** EXERCISE OBJECTIVE **
Although the entries contain pictures, the copy should hold only their exact text.

BEGIN INPUT RECORDS

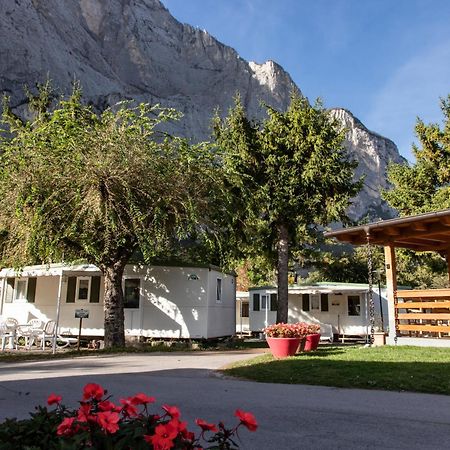 Camping Daino Hotel Pietramurata Eksteriør billede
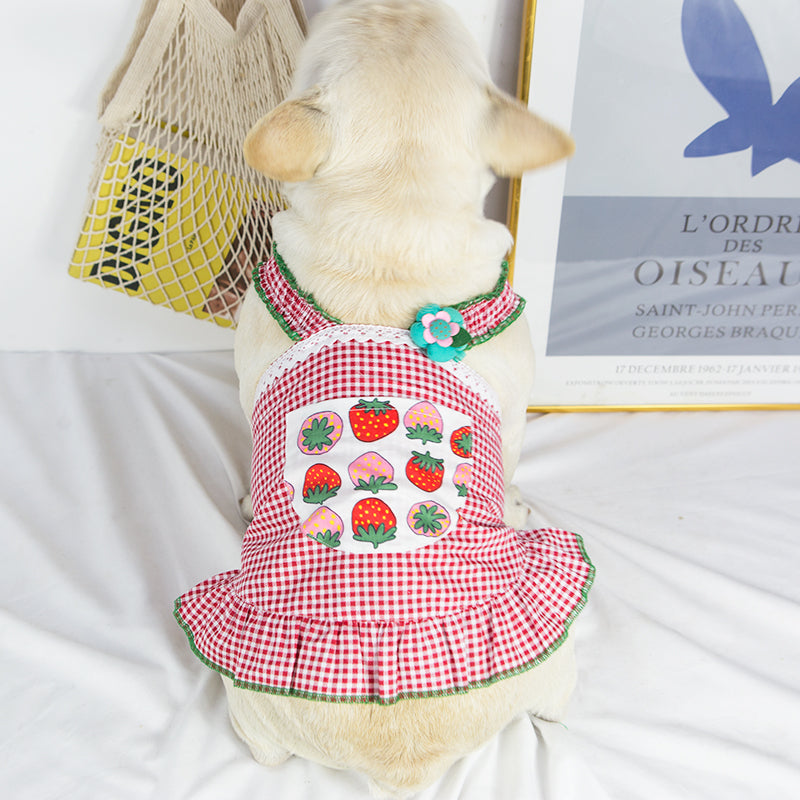 Queen Vest Skirt Frenchie Summer Dress (W318)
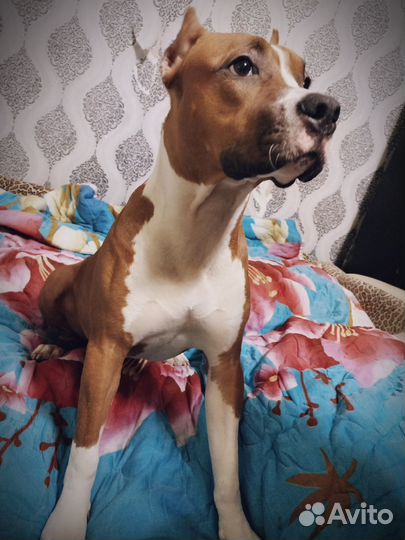 Стаффордширский терьер в добрые руки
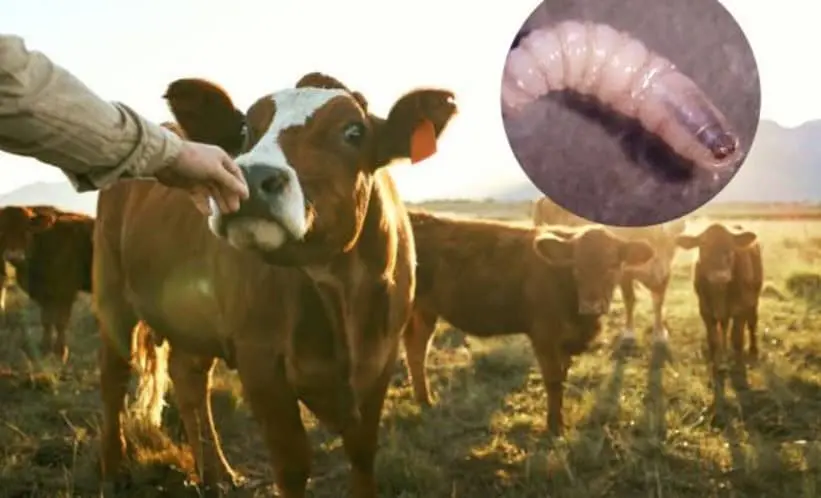 Planta de moscas estériles contra gusano barrenador estará en 2026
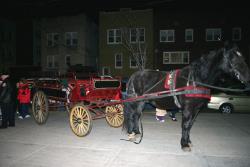 Horse & Carriage Rides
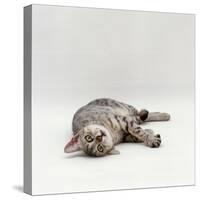 Domestic Cat, Silver Egyptian Mau Rolling-Jane Burton-Stretched Canvas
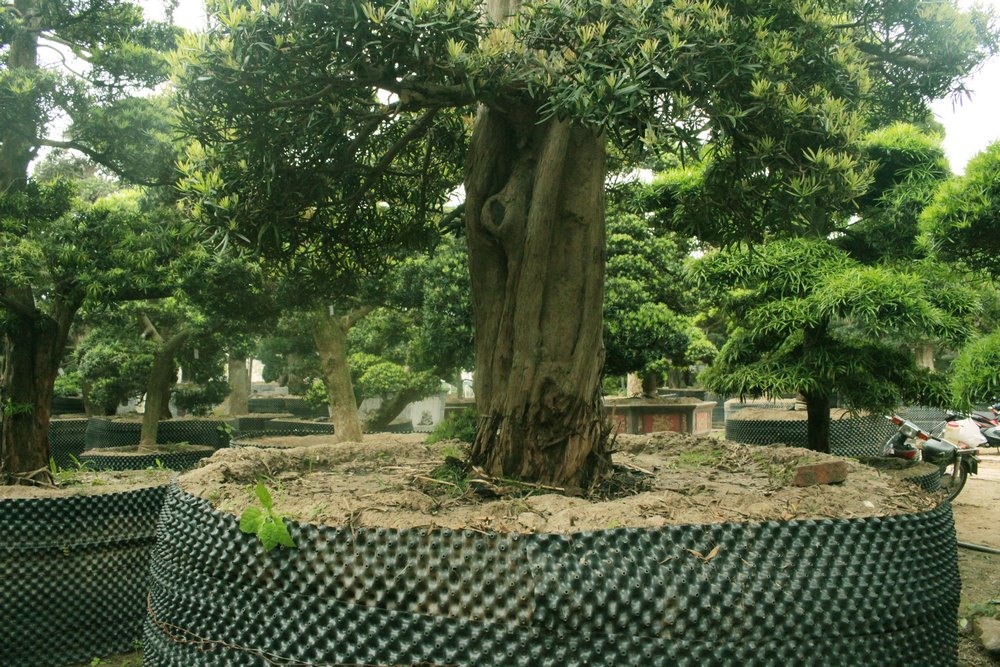 Gốc tùng nhà anh Lành đã phần đã vài trăm tuổi, anh cho biết ở Việt Nam rất hiếm cây tùng nào lâu năm như thế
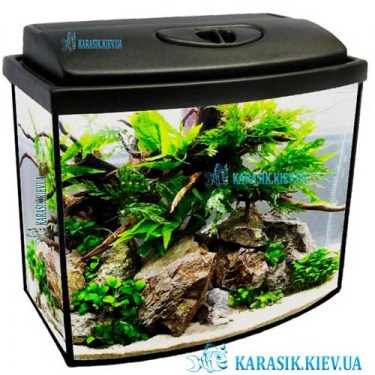 Аквариум с Крышкой 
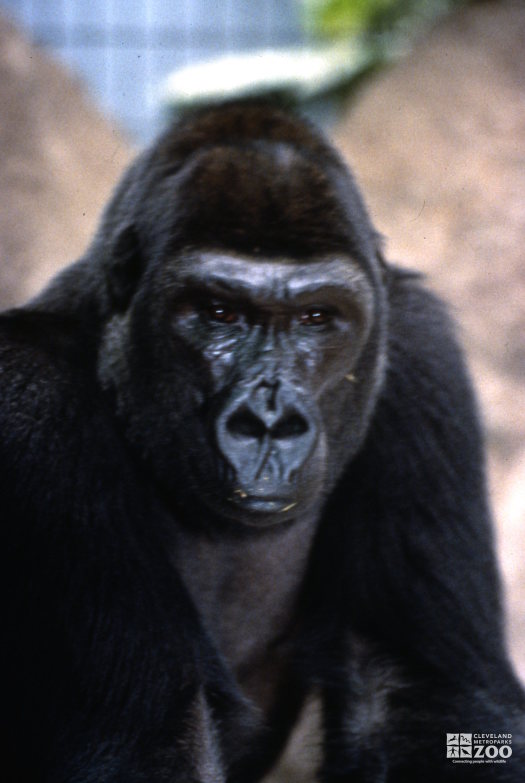 Gorilla, Western Lowland Up Close Of Face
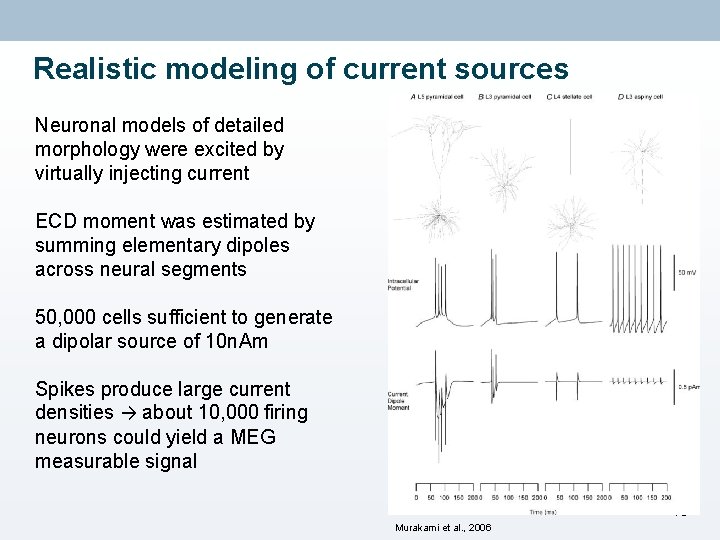 Realistic modeling of current sources Neuronal models of detailed morphology were excited by virtually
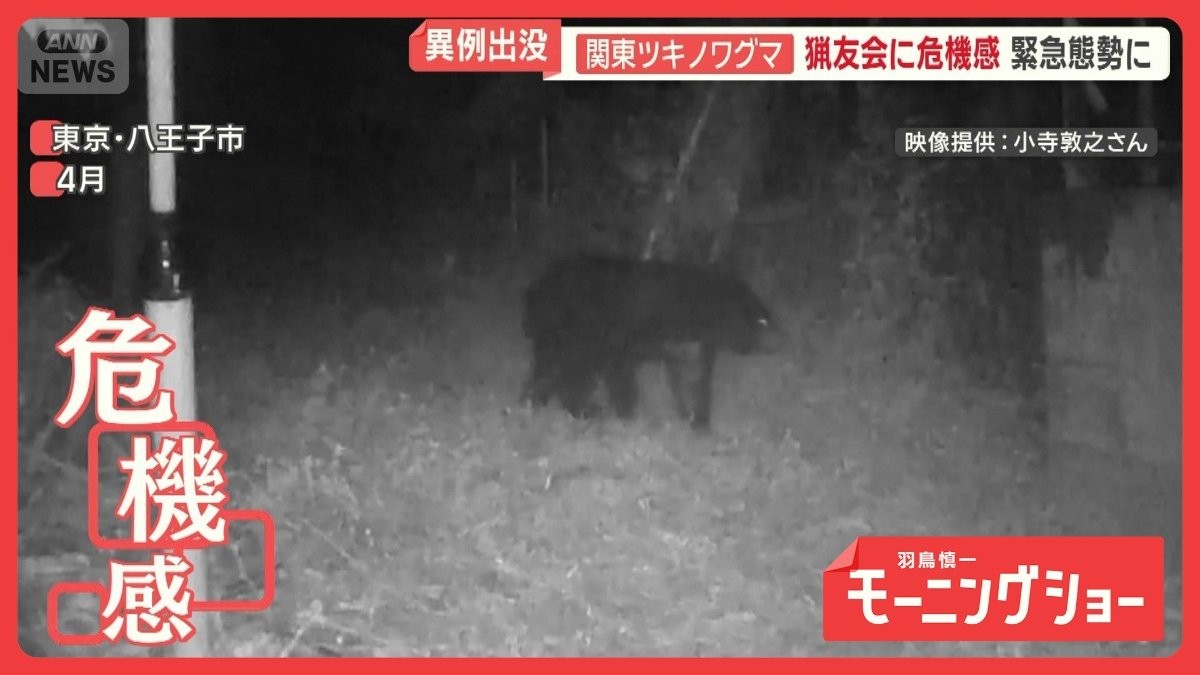 都市部に近づくクマ 東京“20年ぶり”狩猟解禁を検討 ハンターの課題と恐怖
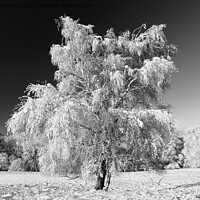 Buy canvas prints of Frosted tree with snow  by Simon Johnson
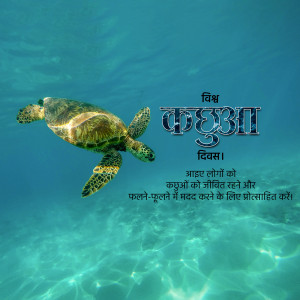 World Turtle Day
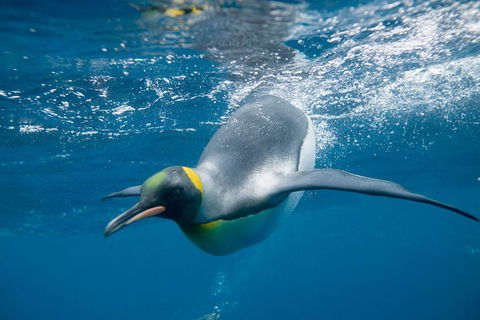 Penguin Passport At SEA LIFE Melbourne Aquarium - Holiday Byron Bay 3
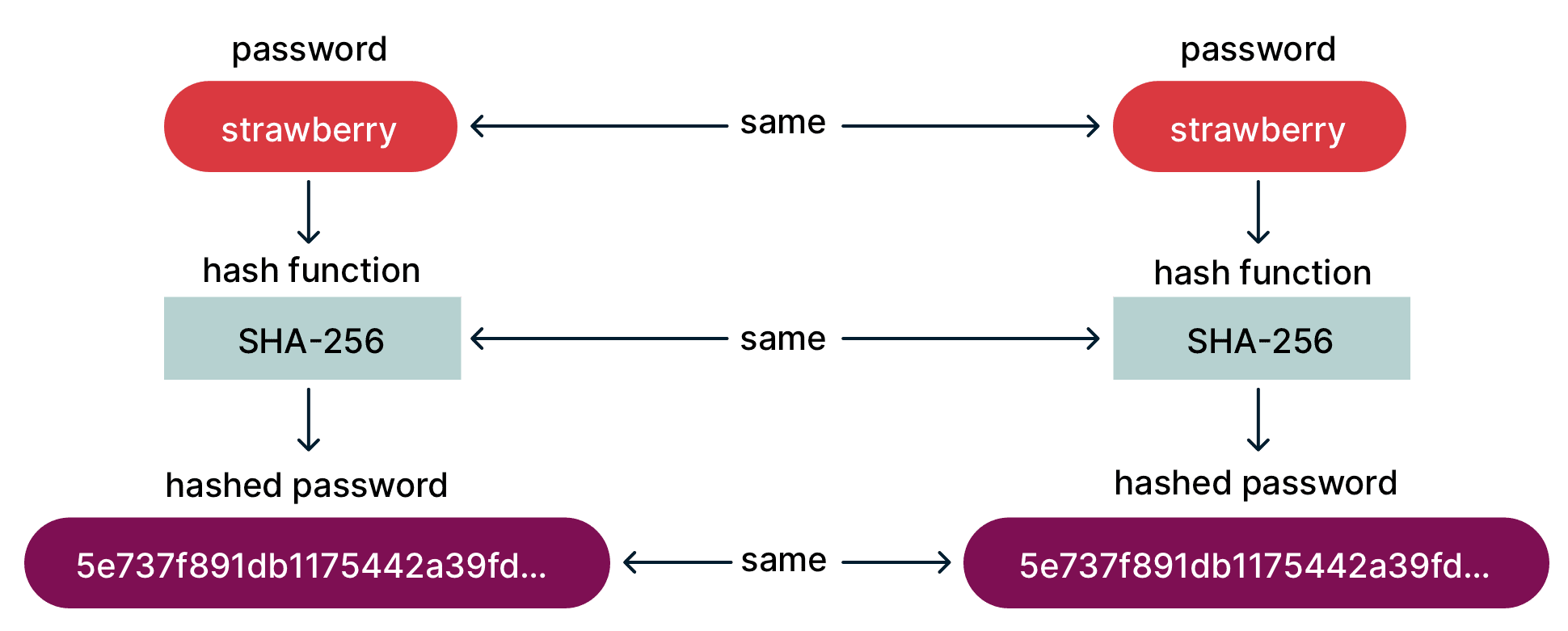 The same password being hashed to produce the same result.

END INPUT RECORDS

** ANSWER BOX **
 Camping Daino Hotel Pietramurata Eksteriør billede
 Queen Vest Skirt Frenchie Summer Dress (W318)
 Стаффордширский терьер в добрые руки
 Planta de moscas estériles contra gusano barrenador estará en 2026
 Horse & Carriage Rides
 Domestic Cat, Silver Egyptian Mau Rolling-Jane Burton-Stretched Canvas
 Gốc tùng nhà anh Lành đã phần đã vài trăm tuổi, anh cho biết ở Việt Nam rất hiếm cây tùng nào lâu năm như thế
 Аквариум с Крышкой 
 Gorilla, Western Lowland Up Close Of Face
 Realistic modeling of current sources Neuronal models of detailed morphology were excited by virtually
 都市部に近づくクマ 東京“20年ぶり”狩猟解禁を検討 ハンターの課題と恐怖
 Buy canvas prints of Frosted tree with snow  by Simon Johnson
 World Turtle Day
 Penguin Passport At SEA LIFE Melbourne Aquarium - Holiday Byron Bay 3
 The same password being hashed to produce the same result.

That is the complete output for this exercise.